* [Problem to work on]: A verbatim restatement of the data, free of pictures, is what you should output.

* [Information shown]:

╔══

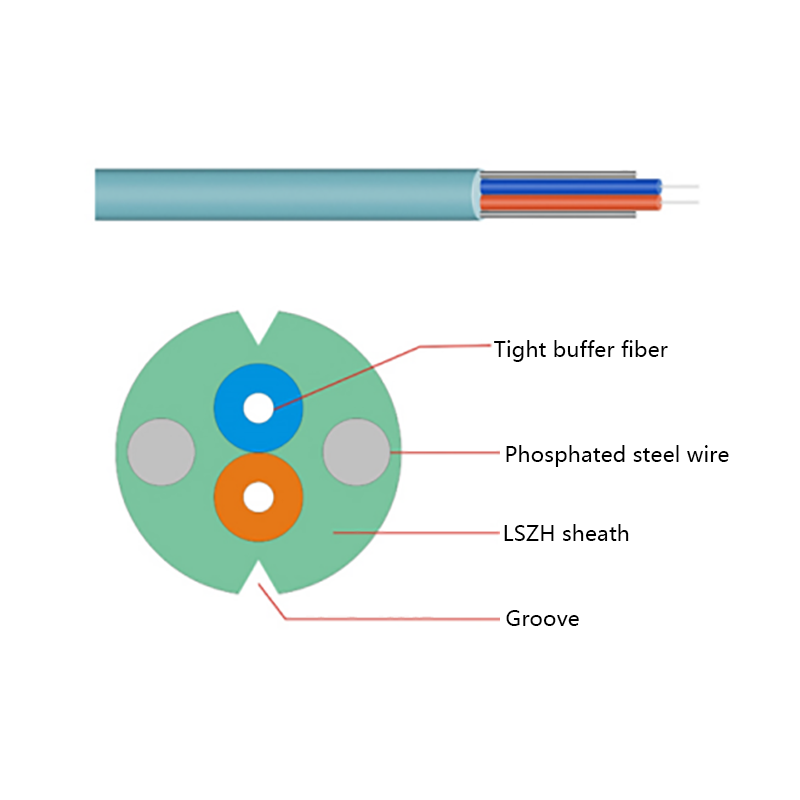 GJXJH FTTH Tight Buffer Indendørs optisk fiberkabel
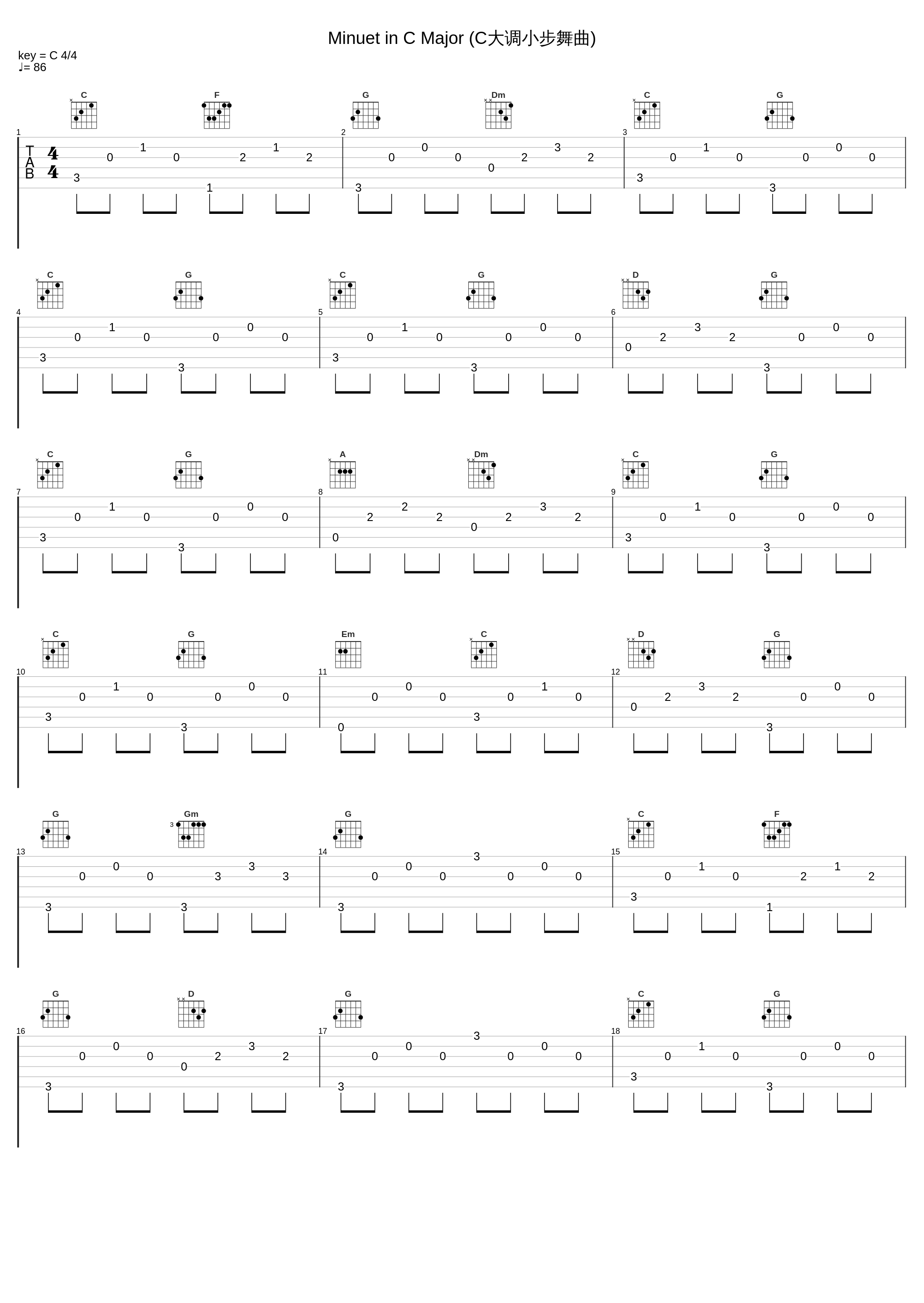 Minuet in C Major (C大调小步舞曲)_Andrés Segovia_1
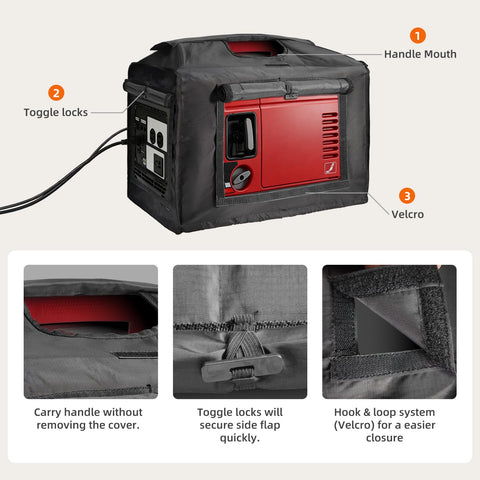 Joramoy Generator Cover compatibility view for Honda EU2000i and EU2200i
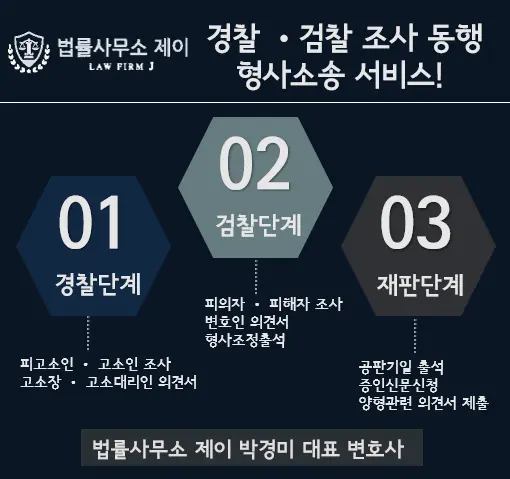 [송파잠실변호사] 속여서 가등기를 말소하게 한 경우: 사기? 배임? 어떤 죄가 성립하나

╚══

* [Answer to this task]:
 GJXJH FTTH Tight Buffer Indendørs optisk fiberkabel
 Minuet in C Major (C大调小步舞曲)_Andrés Segovia_1
 Joramoy Generator Cover compatibility view for Honda EU2000i and EU2200i
 [송파잠실변호사] 속여서 가등기를 말소하게 한 경우: 사기? 배임? 어떤 죄가 성립하나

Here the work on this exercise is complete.